Criminals are tapping Web-based services that are advertised as tools to stress test customers’ networks but in actuality they are using them to launch DDoS attacks against victims, according to Akamai.
The paid sites can make DDoS attacks a viable option for actors looking to shut down targeted servers, the company says in its “State of the Internet/Security Q3 2015” report. “Many of the sites are simply DDoS-for-hire tools in disguise, relying on the use of reflection attacks to generate their traffic,” the report says.
+More on Network World: DARPA scheme would let high-tech systems “see” as never before+
One byproduct of this trend is that the duration of attacks is smaller than it has been during past quarters.
These subscription sites limit the duration of attacks to somewhere between 20 minutes and an hour, Akamai says. “Instead of spending time and effort to build and maintain DDoS botnets, it’s far easier for attackers to use booter-stresser tools to exploit network devices and unsecured service protocols,” according to the report.
These tools can’t generate the big attacks that can be launched from DDoS botnets, but attackers may use them because, for a time at least, they give an aura of anonymity by masking the origin of attacks.
The report is based on data observed and identified by Akamai on its network of more than 200,000 servers in more than 100 countries. The data can be influenced over time by the mix of Akamai’s customer base, new products and new attack-detection tools, so which may skew trends. Its network transmits 15% to 30% of Internet traffic.
Despite a drop in attack duration, the average attack detected during the quarter still lasted 18.86 hours, a drop from 22.36 hours a year ago.
The report says there are more DDoS attacks compared to last year at the same time and they not only don’t last as long on average and there are fewer attacks greater than 100GB. The number of biggest attacks detected by Akamai over the quarter, those over 100GBps, has dropped to eight from 17 in the same quarter of 2015.
Half of all DDoS attacks were against gaming sites, with software and technology firms combining to tally another 25%.

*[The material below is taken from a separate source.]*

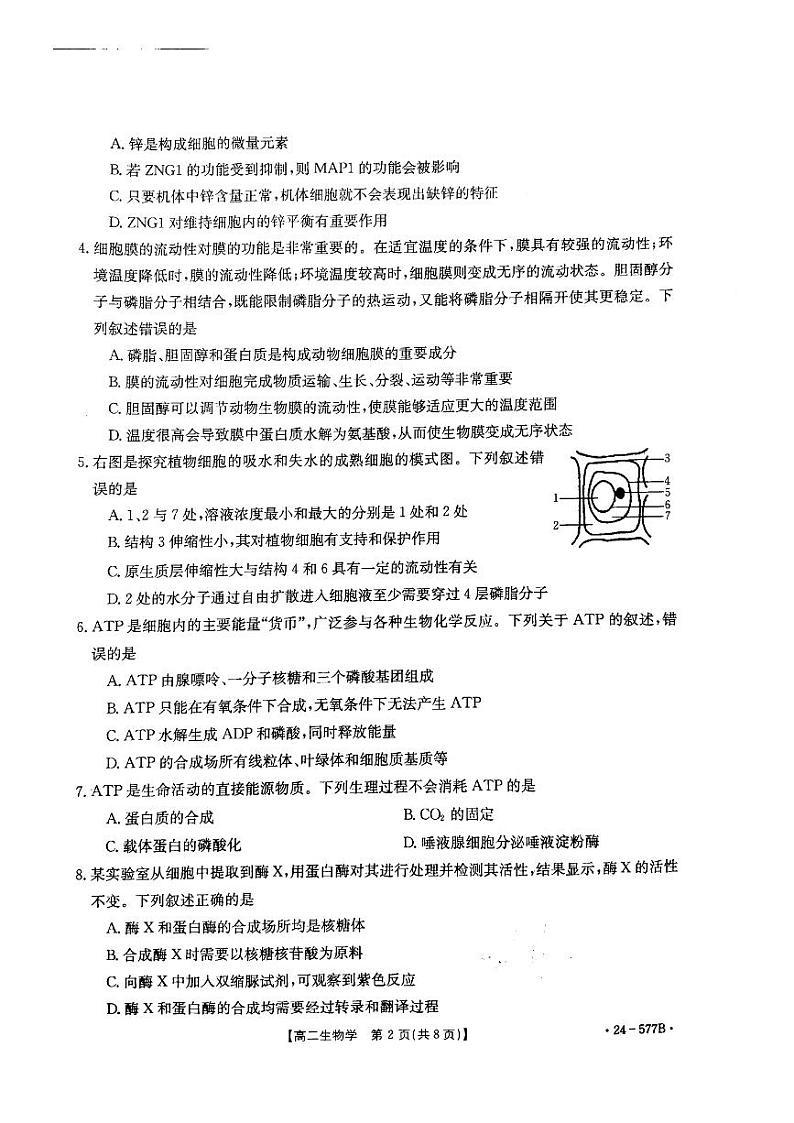 河北省承德市2023-2024学年高二年级下学期期末考试+生物试卷（含答案）02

There were 1,510 DDoS attacks recorded for the quarter, up 180% from the year before and up 23% from the quarter before. Application layer DDoS attacks were up 26% over last year and infrastructure layer attacks nearly tripled, up 198%.
Web apps attacks were launched mainly against home networks.

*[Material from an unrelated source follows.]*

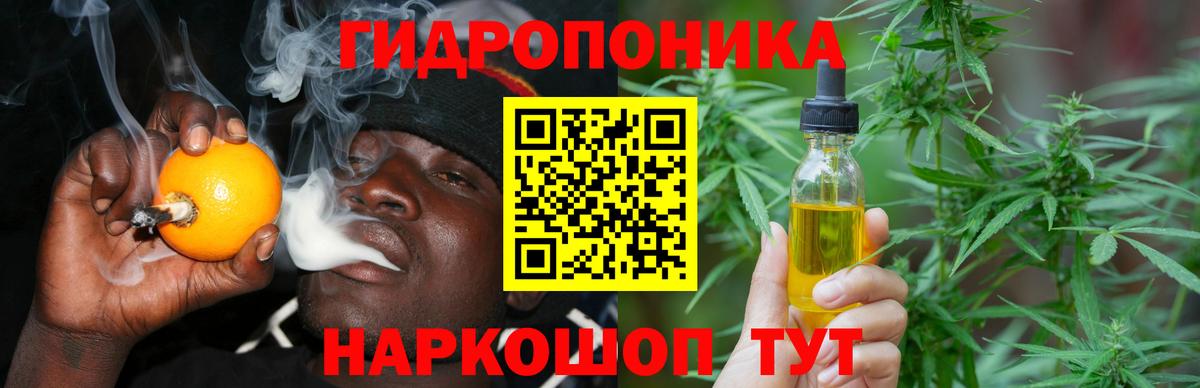 Каннабис Ganja Волхов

The report took a look at where attacks originate and found that the U.K. (26%) was the source of the largest percentage of DDoS attacks, followed by China (21%) and the U.S. (17). Leaders in this category have fluctuated. Last quarter the top three were China (37%), U.S. (18%) and U.K. (10%). Last year it was China (20%), Brazil (17.5%) and Mexico (14%).

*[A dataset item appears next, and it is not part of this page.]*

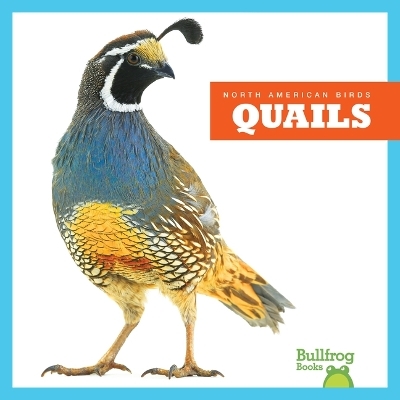 Quails - Rachel Grack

The report makes a number of predictions:
- Expect more records set for DDoS attacks, with varying attack methods.
- Because of the huge number of users and vulnerable devices located in the U.S., it will remain the top source of malicious traffic.
- Attacks against gaming will continue as players look for competitive edges and as platforms remain vulnerable.
- Retailers will suffer the vast majority of Web apps attacks because successful exploits prove so lucrative.